What this task involves: An exact copy of the listing below is required, minus its pictures.

═════ Exercise data

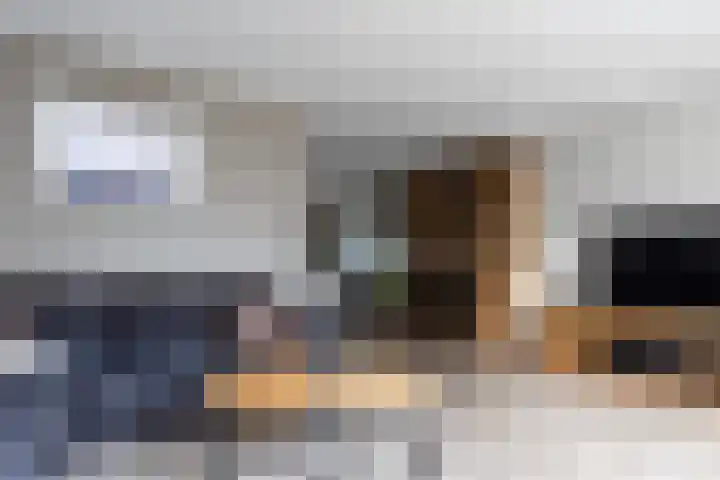 Bomenland 12 Venhuizen thumbnail 13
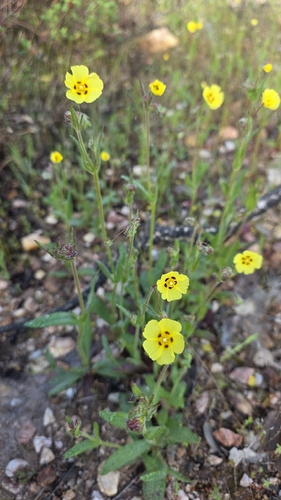 European Frostweed (Tuberaria guttata)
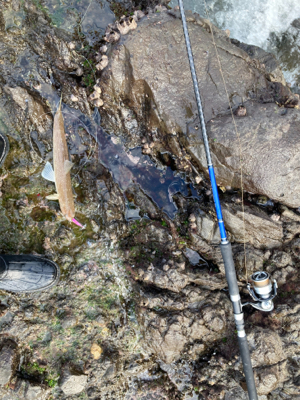 もう真冬なのに夏の魚をゲット!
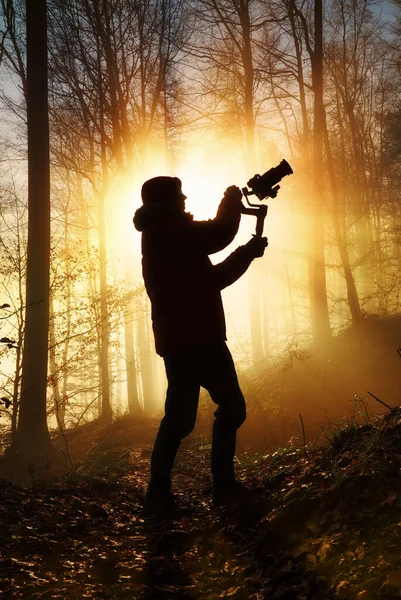 Silhouette Eines Kreativen Filmemachers Einem Nebligen Wald Dramatisch Hinterleuchtet Mit Stockbild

══════════

Solution for this problem:
 Bomenland 12 Venhuizen thumbnail 13
 European Frostweed (Tuberaria guttata)
 もう真冬なのに夏の魚をゲット!
 Silhouette Eines Kreativen Filmemachers Einem Nebligen Wald Dramatisch Hinterleuchtet Mit Stockbild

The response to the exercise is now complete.